Exercise objective> From the first line of the entries through the line containing "São Paulo Imagem", output everything exactly except the pictures.

Data for analysis>

______

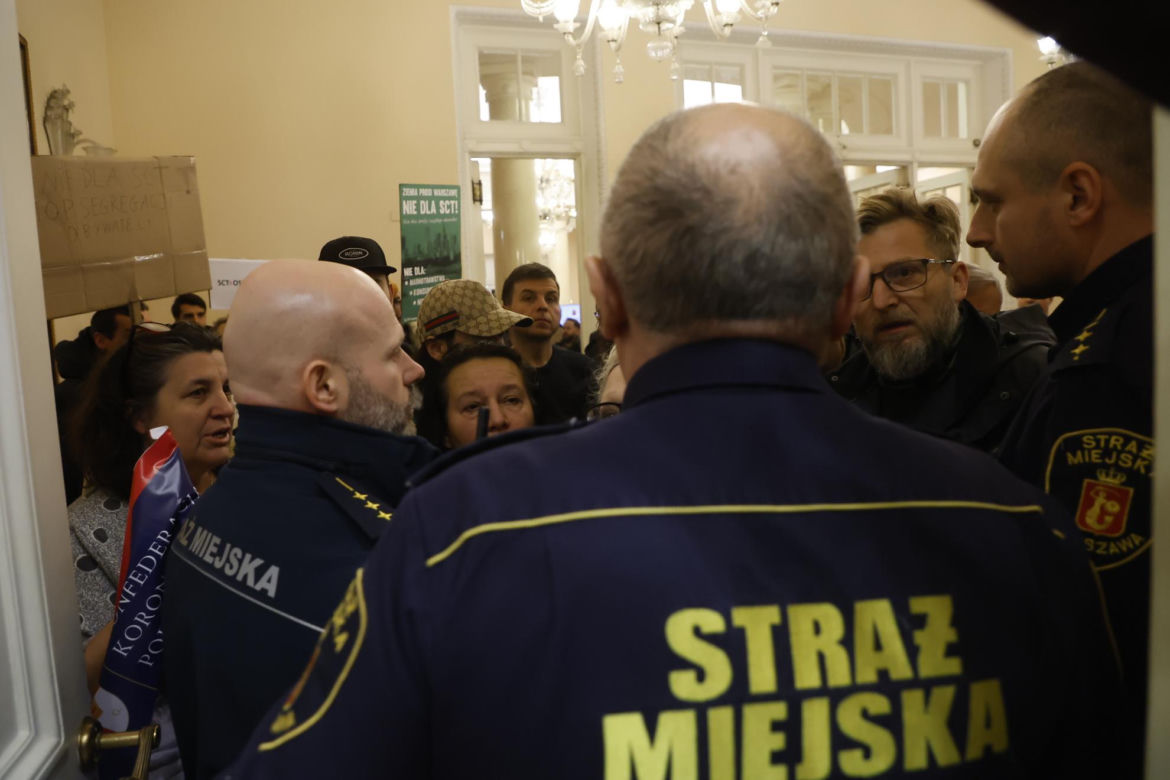 Awantura na sesji rady Warszawy o Strefę Czystego Transportu 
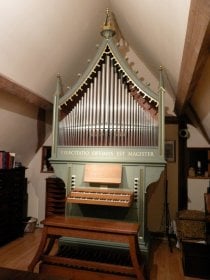Newington Oxford Organ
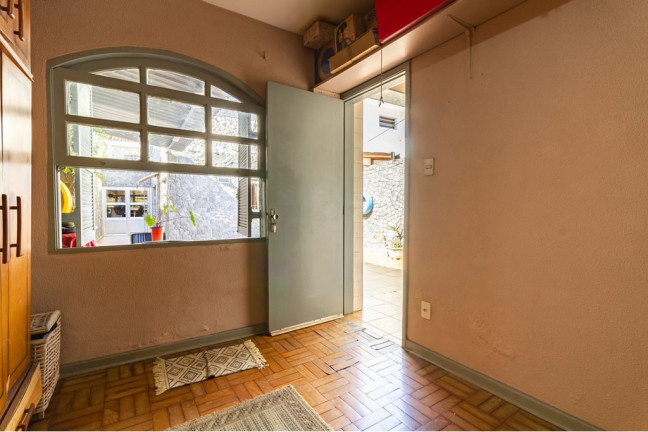 Imagem Casa com 3 Quartos à Venda, 240 m² em Alto Da Lapa - São Paulo Imagem Casa com 3 Quartos à Venda, 240 m² em Alto Da Lapa - São Paulo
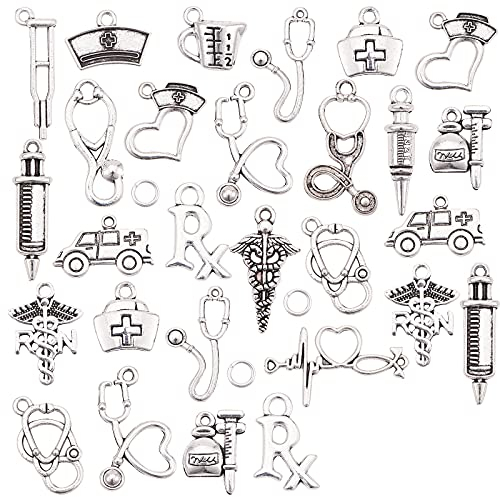 PH PandaHall 72 pezzi 18 stili Ciondoli infermiera medica Stetoscopio Cappellino da infermiera Charms 10 pezzi Bracciale rigido espandibile e 80 anelli aperti per Laurea Confetti Portachiavi Regalo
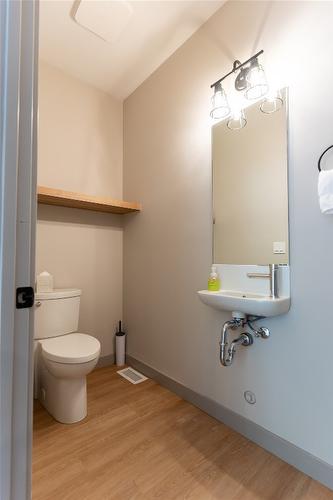 219-112 Second Street, Revelstoke, BC - Indoor Photo Showing Bathroom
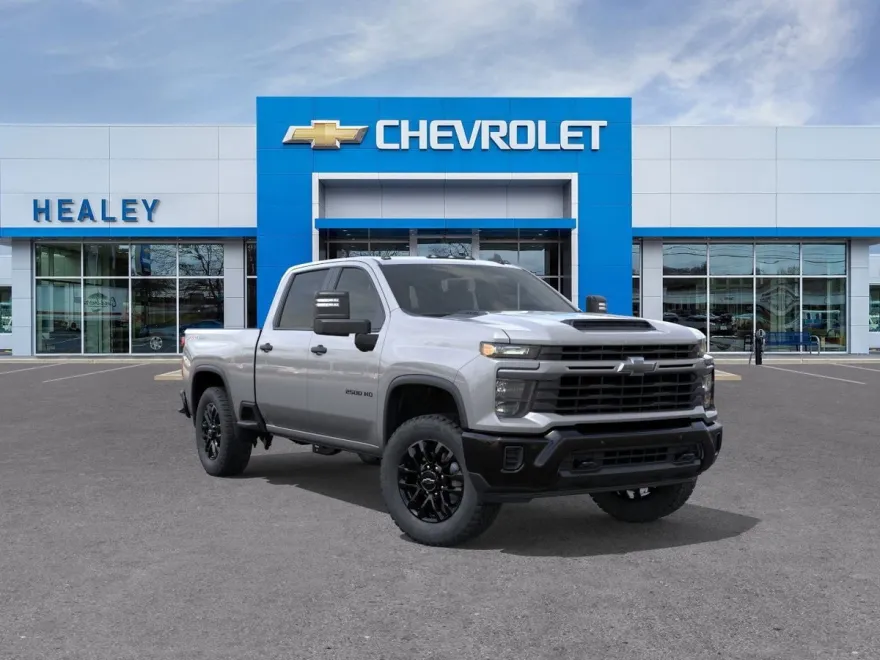 2026 Chevrolet Silverado 2500HD Custom photo 1
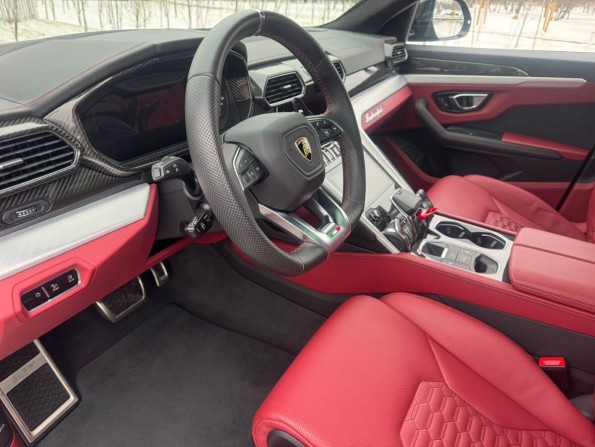 Lamborghini Urus I с пробегом 2020 года, цена 26 900 000 рублей, 52291 км, offers.body_type.unknown, Автокод Объявления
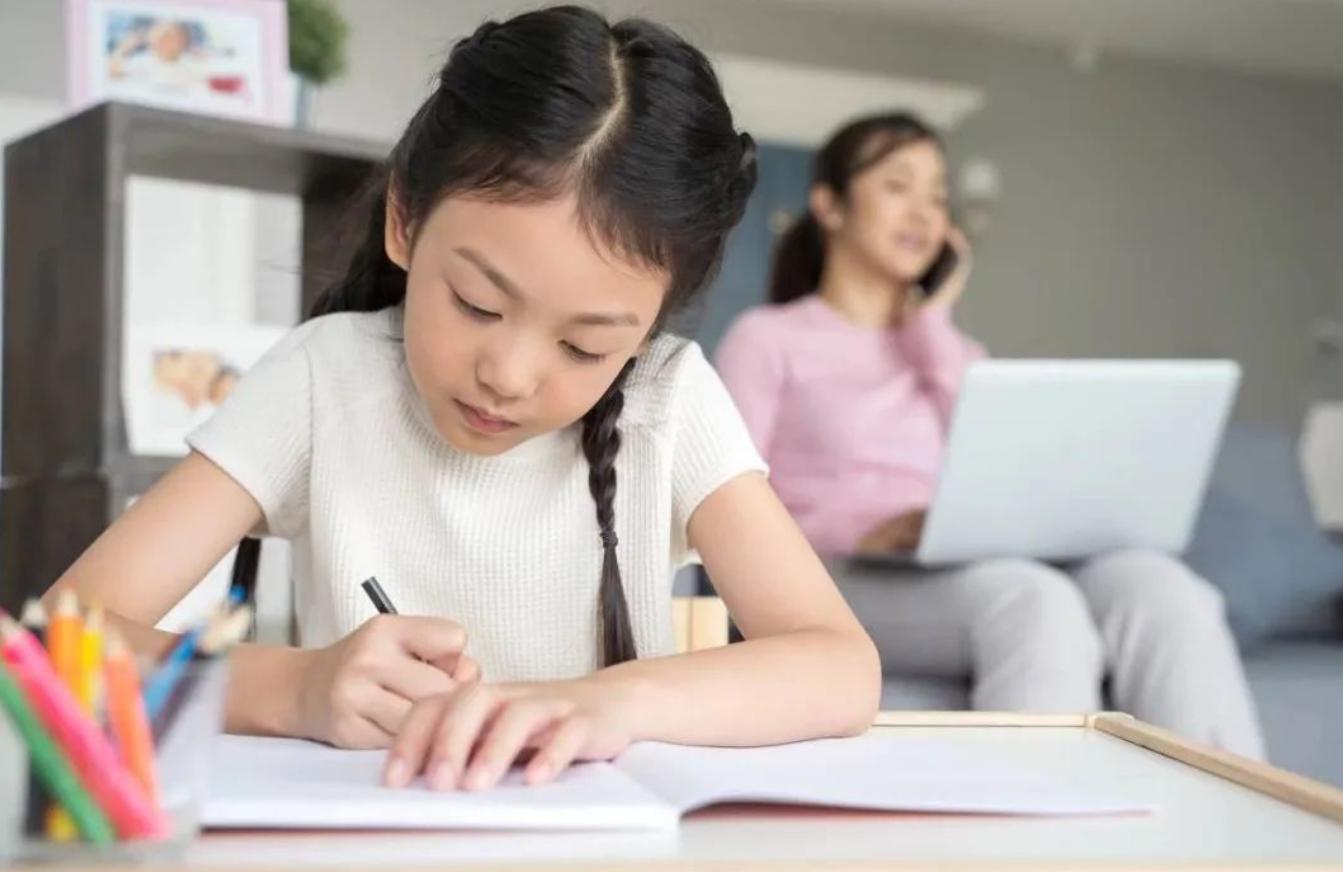 家有高敏感的宝宝，父母教育要注意5点，才能培养孩子的自信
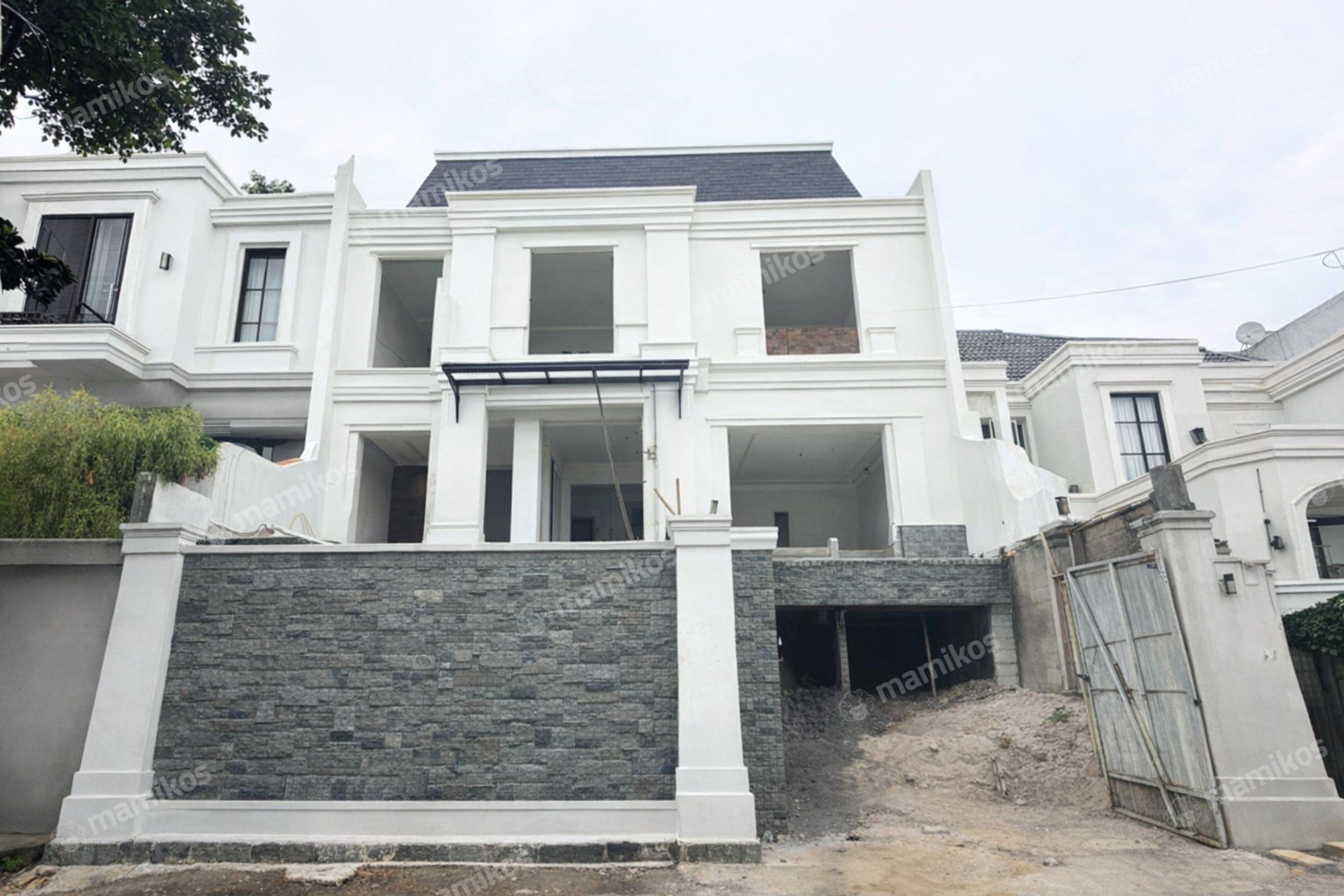 Rumah Sertifikat SHM 4 Kamar Tidur 4 Kamar Mandi Kebayoran Baru Jakarta Selatan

______

Solved exercise>
 Awantura na sesji rady Warszawy o Strefę Czystego Transportu 
Newington Oxford Organ
 Imagem Casa com 3 Quartos à Venda, 240 m² em Alto Da Lapa - São Paulo Imagem Casa com 3 Quartos à Venda, 240 m² em Alto Da Lapa - São Paulo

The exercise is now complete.